Despite its dry and legalistic tone, the notice that survives is a parti pris record of what must have been more colourful events. Amalric’s men allegedly, even after some light intimidation, can’t find anyone willing to act as a witness for their side; but the thing still goes to court. There, two interesting things happen. First, apparently neither side’s witnesses are enough on their own. Second, and relatedly, the whole things seems to have turned on a previous ordeal, and this is what ends the trial now: Marmoutier evidently won the last time, and the other side aren’t quite willing to try again.

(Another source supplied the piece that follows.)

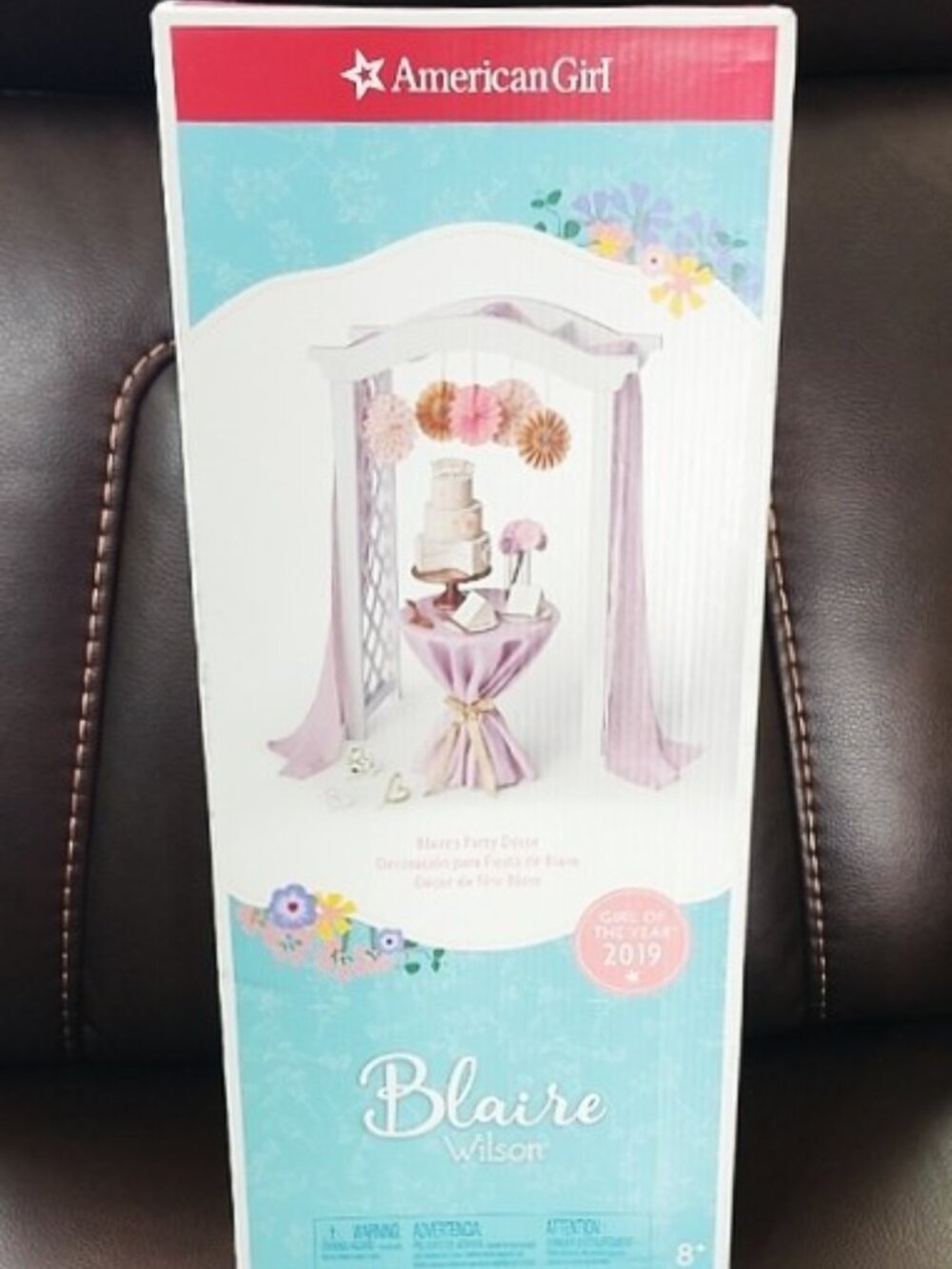 American Girl 18" Doll Blaire Wilson Party Decor Wedding Party decorations NEW!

On the gripping hand, note that we have this charter but not a record of the first ordeal. It’s possible that it just wasn’t written down. It’s also possible that this, second, contest got preserved because it was seen as less ambiguous than the first (the first one, after all, was demonstrably subject to challenge). It’s also also possible that it just seems that way because the canons of Saint-Martin got to write the charter…

What is important, though, is that dry and legalistic tone. No matter how informal, how compromised, or how morally-weighted the actual events were, the people of governmentalised Neustria knew that this is how you wrote down disputes. Government, in this sense, happened by portrayal rather than by action.